Complexity of Distributed Systems: Managing distributed NoSQL clusters can be complex
Posted: Tue May 20, 2025 7:17 am
Data Integrity Challenges: The lack of strict schema enforcement and ACID properties can sometimes lead to data inconsistencies if not managed carefully at the application level.
Maturity and Tooling: While the NoSQL ecosystem is growing, some models are less mature than RDBMS, and tooling might be less extensive.
Query Language Diversity: Unlike the standardized SQL, NoSQL databases often have their own query languages, which can increase the learning curve.
Limited Support for Complex Transactions: Strict ACID transactions are not always a priority in NoSQL databases.
Typical Use Cases:
Web Applications: , personalization, and real-time data.
Big Data Analytics: Storing and processing massive datasets for analysis and insights.
Real-time Data Processing: Handling high-velocity data streams.
Mobile Applications: Providing flexible and scalable backends for mobile apps.
Internet of Things (IoT): Managing data from a large number netherlands whatsapp mobile phone number list of connected devices.
NewSQL databases emerged as an attempt to combine the scalability and flexibility of NoSQL with the ACID properties and SQL interface of traditional RDBMS. They aim to provide the best of both worlds for applications that require both high scalability and strong consistency.
SQL Interface: NewSQL databases typically support SQL, making migration from RDBMS easier and leveraging existing SQL expertise.

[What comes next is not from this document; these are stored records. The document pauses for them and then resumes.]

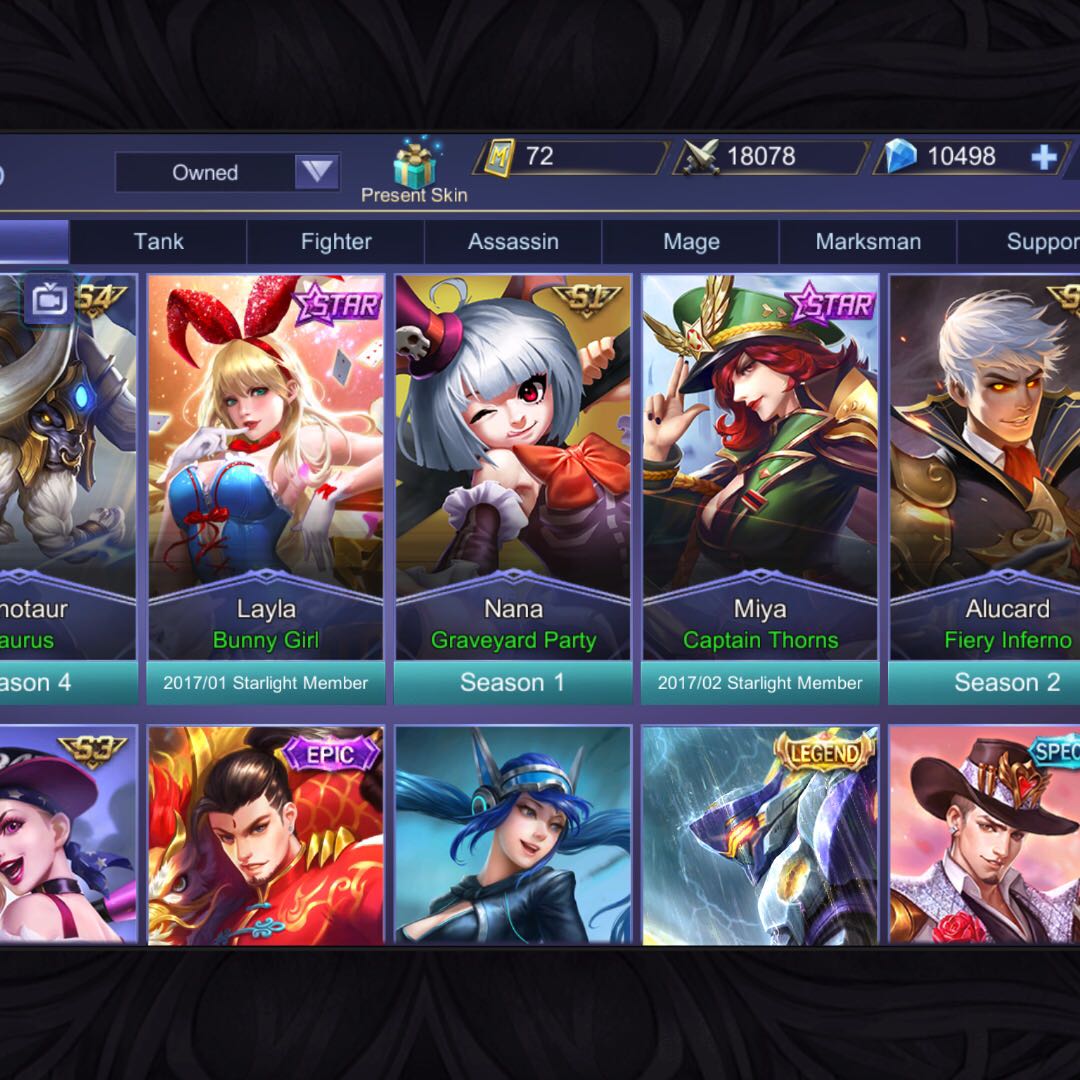 Mobile Legends Account Video Gaming Video Games On Carousell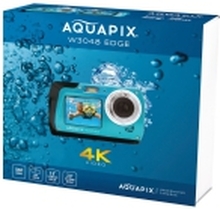 Easypix Aquapix W3048 Edge - Digitalkamera - kompakt - 13.0 MP / 48 MP (interpolert) - 4K / 10 fps - under vannet inntil 3 m - isblå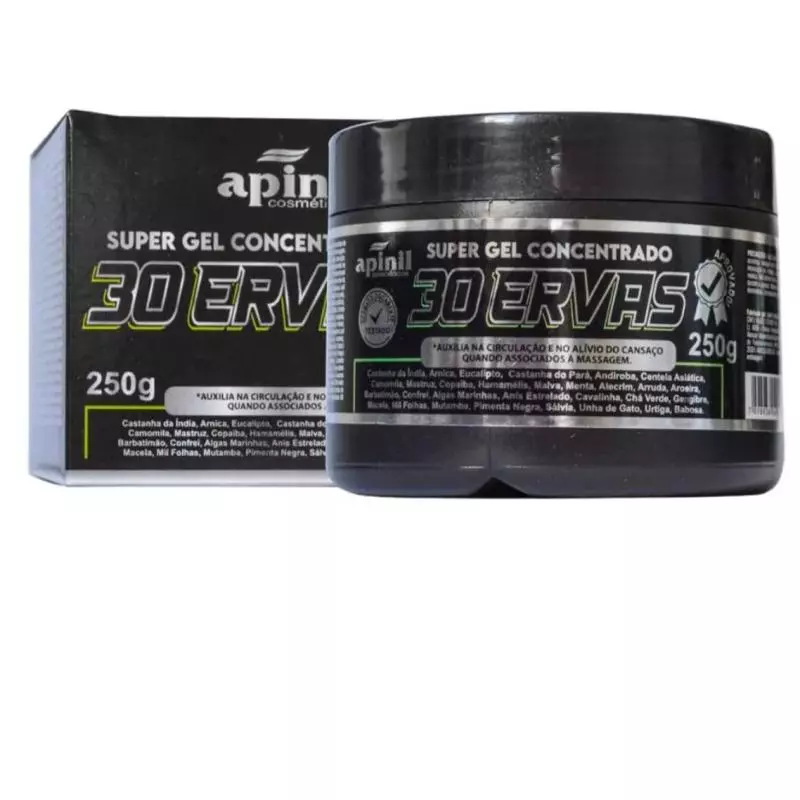 Super gel 30 ervas apinil 250g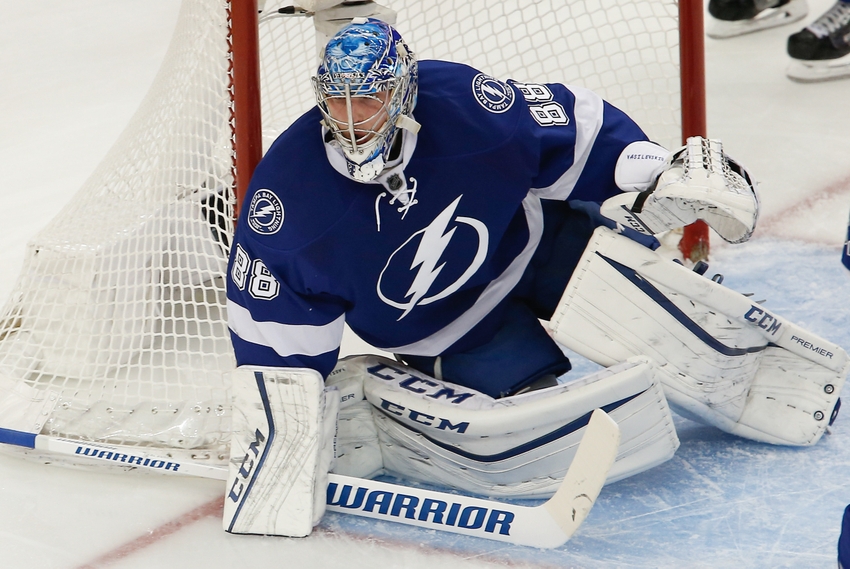 Tampa Bay Lightning Goalie Andrei Vasilevskiy's New Mask Unveiled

ACID Properties: They strive to maintain full ACID compliance for transactional integrity.
Horizontal Scalability: Architectures are designed for distributed environments, enabling horizontal scaling.
Various Architectures: NewSQL encompasses different architectural approaches, including:
Distributed SQL: Extending traditional SQL databases to run across a distributed cluster.
Shared-Nothing Architectures: Each node in the cluster is independent and manages its own data.
SQL on NoSQL: Providing a SQL interface on top of a NoSQL storage engine.
Maturity and Tooling: While the NoSQL ecosystem is growing, some models are less mature than RDBMS, and tooling might be less extensive.
Query Language Diversity: Unlike the standardized SQL, NoSQL databases often have their own query languages, which can increase the learning curve.
Limited Support for Complex Transactions: Strict ACID transactions are not always a priority in NoSQL databases.
Typical Use Cases:
Web Applications: , personalization, and real-time data.
Big Data Analytics: Storing and processing massive datasets for analysis and insights.
Real-time Data Processing: Handling high-velocity data streams.
Mobile Applications: Providing flexible and scalable backends for mobile apps.
Internet of Things (IoT): Managing data from a large number netherlands whatsapp mobile phone number list of connected devices.
NewSQL databases emerged as an attempt to combine the scalability and flexibility of NoSQL with the ACID properties and SQL interface of traditional RDBMS. They aim to provide the best of both worlds for applications that require both high scalability and strong consistency.
SQL Interface: NewSQL databases typically support SQL, making migration from RDBMS easier and leveraging existing SQL expertise.
ACID Properties: They strive to maintain full ACID compliance for transactional integrity.
Horizontal Scalability: Architectures are designed for distributed environments, enabling horizontal scaling.
Various Architectures: NewSQL encompasses different architectural approaches, including:
Distributed SQL: Extending traditional SQL databases to run across a distributed cluster.
Shared-Nothing Architectures: Each node in the cluster is independent and manages its own data.
SQL on NoSQL: Providing a SQL interface on top of a NoSQL storage engine.